Use the provided link (distributed separately) to access the assignment in GitHub Classroom.

If the ConstructCo and LargeCo databases don’t already exist in your PostgreSQL cluster, create them and load the corresponding files to populate the data for this assignment. Both files are in the Git repository that is created in GitHub Classroom.

ConstructCo

The ConstructCo database (ER diagram) stores data for a consulting company that tracks all charges to projects. The charges are based on the hours each employee works on each project.

LargeCo

The LargeCo database (ER diagram) stores data for a company that sells paint products. The company tracks the sale of products to customers. The database keeps data on the following entities:

customers (LGCUSTOMER),
sales (LGINVOICE),
products (LGPRODUCT),
which products are on which invoices (LGLINE);
employees (LGEMPLOYEE),
the salary history of each employee (LGSALARY_HISTORY),
departments (LGDEPARTMENT),
product brands (LGBRAND),
vendors (LGVENDOR), and
which vendors supply each product (LGSUPPLIES).

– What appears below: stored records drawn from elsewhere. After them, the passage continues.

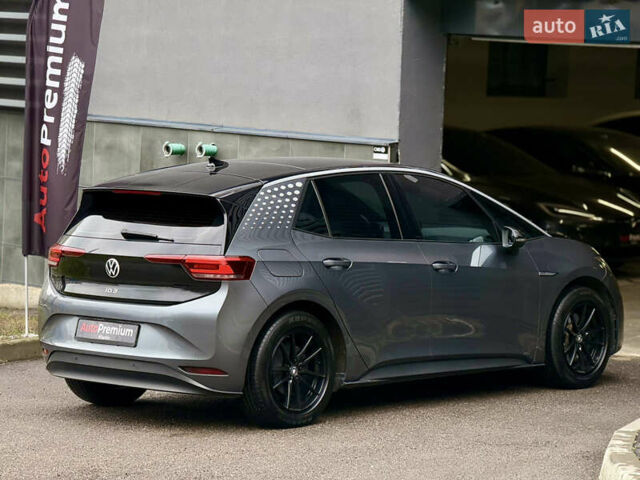 Сірий Фольксваген ID.3, об'ємом двигуна 0 л та пробігом 47 тис. км за 19999 $, фото 7 на Automoto.ua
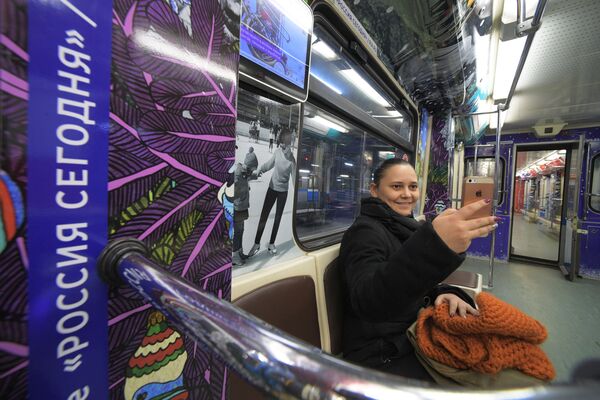 Девушка в вагоне нового тематического поезда Путешествие в Рождество-2019 в электродепо Красная Пресня в Москве Девушка в вагоне нового тематического поезда Путешествие в Рождество-2019 в электродепо Красная Пресня в Москве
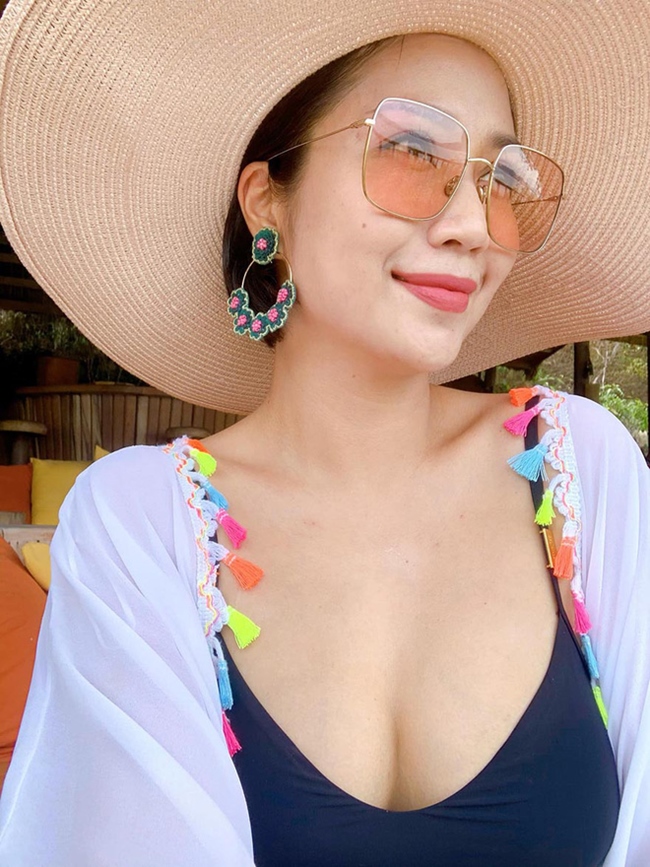 Ngoài đời, MC sinh năm 1984 có gu thời trang nóng bỏng. Thỉnh thoảng, Ốc Thanh Vân mới khoe ảnh diện bikini trên mạng xã hội.
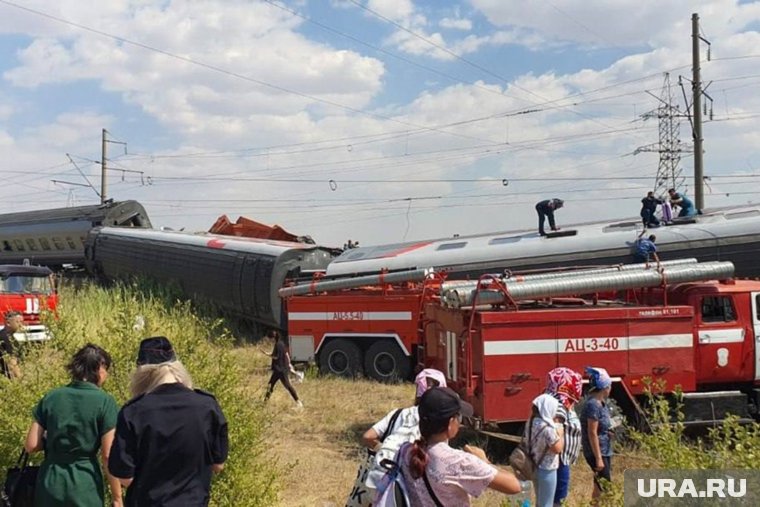 Поезд сошел с рельсов в Волгоградской области. Фоторепортаж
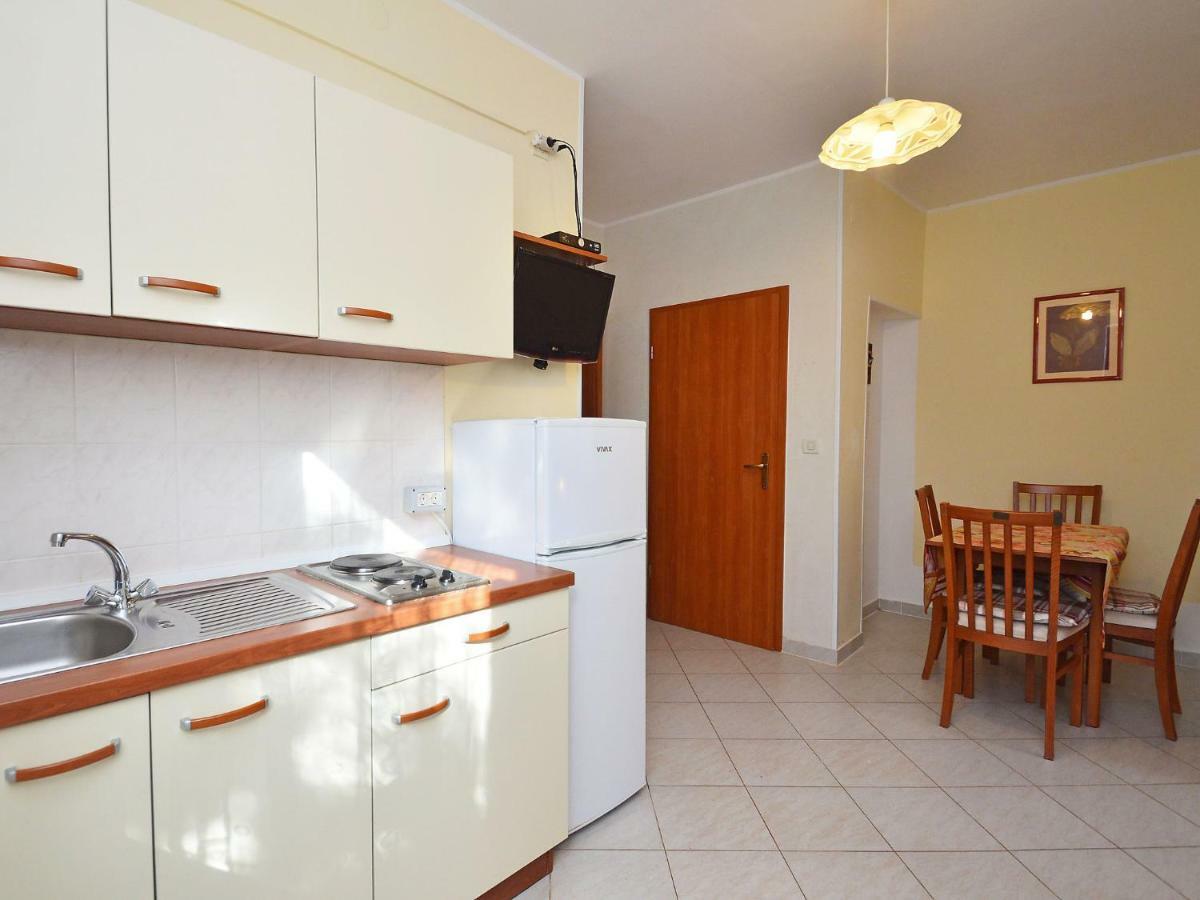 Apartment Mira-2 By Interhome Умаг Екстериор снимка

Some of the tables contain only a few rows of data, while other tables are quite large; for example, there are only eight departments, but more than 3300 invoices containing over 11000 invoice lines.

The exercises are adapted from Database Systems: Design, Implementation, & Management (Coronel and Morris 2017). Modify the file in the src directory that corresponds to each query. For example, write the query for the first exercise in the file src/01.sql. The SQL comment that appears at the beginning of the file is for your convenience and may remain in the file. Do not modify any files in the test directory; doing so could prevent the automated tests from running correctly.

Submission

Create an archive of your Git repository (you can use GitHub’s “Clone or download” button when viewing your repository for this purpose) and submit that archive to Canvas. Be sure to include your documentation statement as part of the submission.

GitHub Classroom also tags the latest commit at the due date for the assignment.

Grading

The following grading rubric will be used for this assignment:

Description	Points
Queries (@ 3 points each)	75

Each query is worth the same amount. No partial credit will be awarded for queries that fail the automated tests unless you can prove that a test case rejected valid input!

Automated Tests

GitHub Actions tests all the queries when you push your changes to GitHub (i.e., continuous integration). If the results from executing your query match the expected results, then your query is correct; otherwise, you should review your query and the test results to determine where they differ. The entire class shares the resources provided for auto-grading; more specifically, there is a maximum number of minutes per month for GitHub Actions, and each job counts toward that maximum. You should test each query against a local copy of the database before pushing to GitHub.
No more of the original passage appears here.